United Poultry Concerns sued Chabad of Irvine last year for the slaughter of chickens in the Jewish religious ritual of Kapparot. The case was dismissed on May 12, but Karen Davis, founder and president of United Poultry Concerns, is steadfastly determined to keep pushing for an end to what she feels is the inhumane killing of chickens. Davis said her group will appeal the ruling.

“The court found that accepting money for killing and discarding chickens is not a 'business practice,' which is the only way we can challenge this as a private citizen," Bryan Pease, a San Diego-based attorney who represented United Poultry Solutions, told the Northern California Record. "Now it’s more important than ever to get the local authorities to step up and enforce the anti-cruelty laws. In the meantime, we are appealing this ruling to the Ninth Circuit.”

Davis told the Northern California Record that she became aware of the Jewish ritual of Kapparos in 1995 after her organization received calls from people in New York. 

“They expressed great distress about chickens in transport crates, stacked up on the sidewalks without food, water or shelter," she said. "Birds were crying and completely neglected, sitting out there for days without food or water." 

Kapparot is practiced on the eve of Yom Kippur and involves waving a chicken around while reciting a prayer in which the bird takes on the sins of a person. Kapparot is not a mandate on the Jewish religion, and most Jewish people don’t practice the ritual, Davis said.
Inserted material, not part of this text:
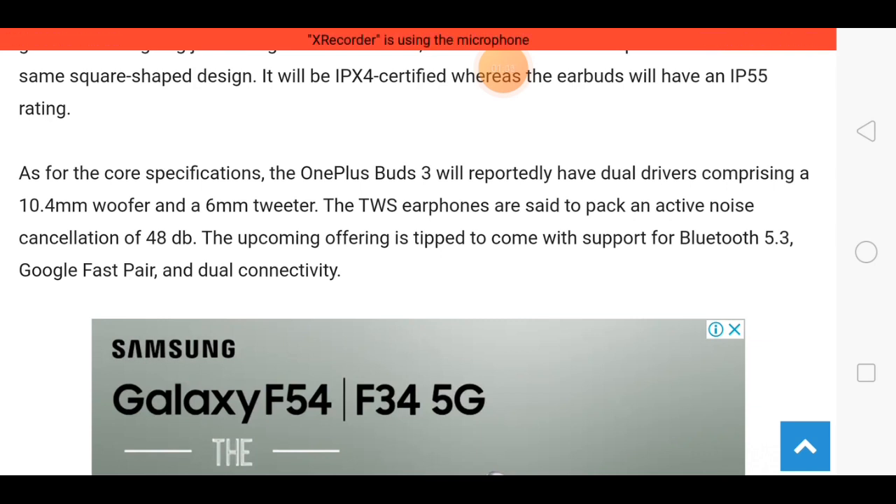Active noise cancellation is featured in these earbuds, and this feature clears 48 decibels of noise, so sound quality is very fantastic. For fast connectivity, these earbuds support Bluetooth 5.3 and Google Fast Pair.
“I started writing letters to editors and talked to other people in the animal rights movement who are Jewish and who were familiar with the practice," Davis said. "Not everybody was aware that this particular chicken swinging and slaughtering on the public streets was still being conducted as part of the Kapparot ritual.”

In 2010, her group started actively working to end the use of chickens in Kapparot.

“They are being held like a sack of garbage by these practitioners, who then swing them over their heads by their wings or legs," she said. "The chicken is a punished object in the ritual. The birds are treated like trash and are considered to be a symbolic repository for the sins of the practitioner.”